■ **Records for this task**:
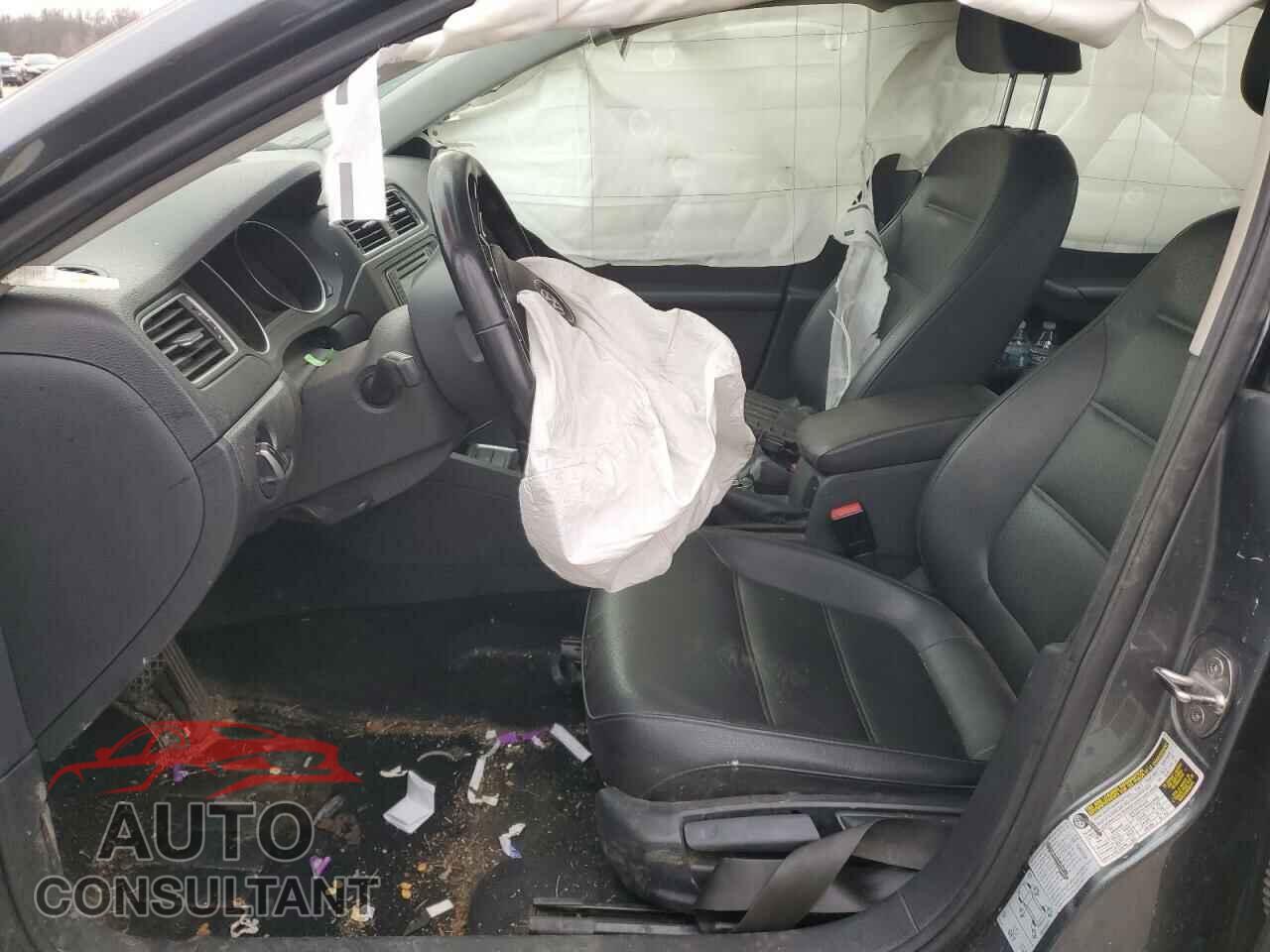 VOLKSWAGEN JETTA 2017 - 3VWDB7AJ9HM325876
...
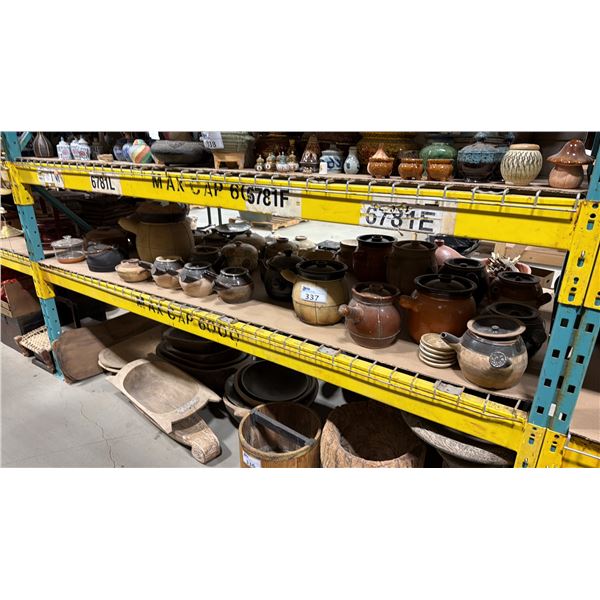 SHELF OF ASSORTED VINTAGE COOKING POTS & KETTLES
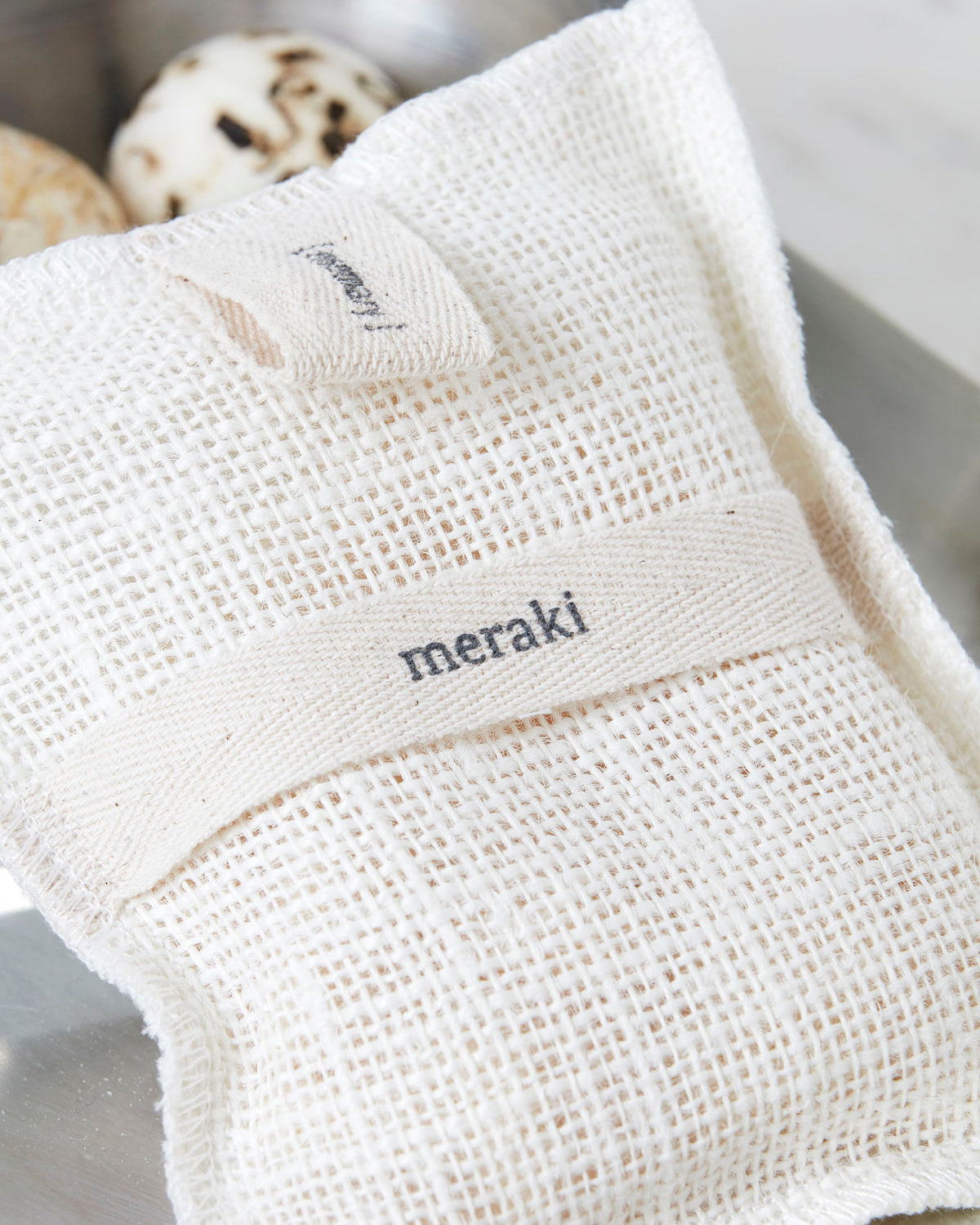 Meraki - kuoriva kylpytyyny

■ **Task instructions**:
Starting at the line with "SHELF OF ASSORTED" and finishing at the line with "Meraki - kuoriva kylpytyyny", copy the material above exactly, both lines included. Nothing else goes in, and no pictures.

■ **Output of the task**:
 SHELF OF ASSORTED VINTAGE COOKING POTS & KETTLES
 Meraki - kuoriva kylpytyyny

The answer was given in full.